Robert II was born in 1216 in or near Paisley Abbey where his mother died, possibly after a riding accident. At birth, Robert was not in line to the Scottish throne as his mother’s right of succession had been extinguished by entail by the Scottish Parliament in April 1315 in favour of her uncle, Edward Bruce, brother to her father, King Robert the Bruce. (Marjorie had apparently agreed to this.) When Edward, who had been crowned king of Ireland in 1316, was killed at the battle of Dundalk in October 1318 another entail by the Scottish Parliament provided that Robert would become king if Robert the Bruce, his grandfather, died without male heirs.
However, when in 1324 Robert the Bruce and his second wife Elizabeth de Burgh, produced a male heir, David, the Bruce line was secured. After Robert the Bruce died in 1329, Robert the 7th Steward was one of the noblemen who was involved in the regency during the minority of his (half) uncle, who had become David II, and also during David’s imprisonment in England after being captured at the battle of Neville’s Cross in 1346. Robert finally became king, the first Stewart king, in 1371 when he was in his fifties and reigned until his death in 1390 at Dundonald Castle in Ayrshire.
Leaving aside his activities both as hereditary Steward/Stewart and as king, what I find remarkable about Robert II is the number of children he had, both legitimate and illegitimate.
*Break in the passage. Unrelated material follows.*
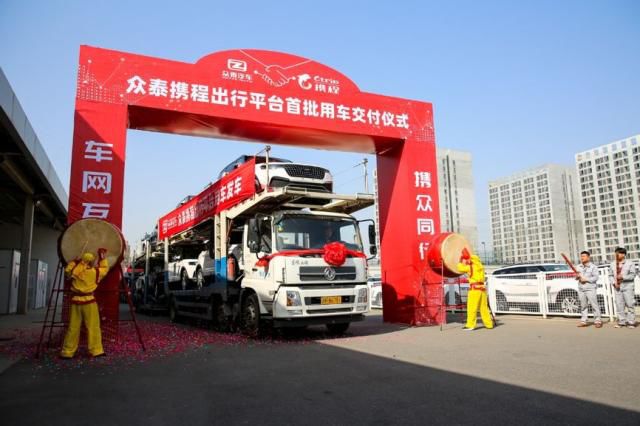 众泰极致之梦,如今的众泰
With his first wife, Elizabeth Mure of Rowallan, he had 4 sons and 5 daughters. By his second wife, Euphemia Ross, he had 2 sons and 2 daughters. All together he is said to have fathered 21 children, including 8 illegitimate sons. Some regard his 4 children with Euphemia as his only legitimate children as several of his children with Elizabeth were born before their marriage in 1347. These children were legitimised by Papal dispensation but there was still the issue that he and Elizabeth were considered to be too closely related. However, Robert II was succeeded by his eldest son by Elizabeth, John, Earl of Carrick, who took the regnal name of Robert III.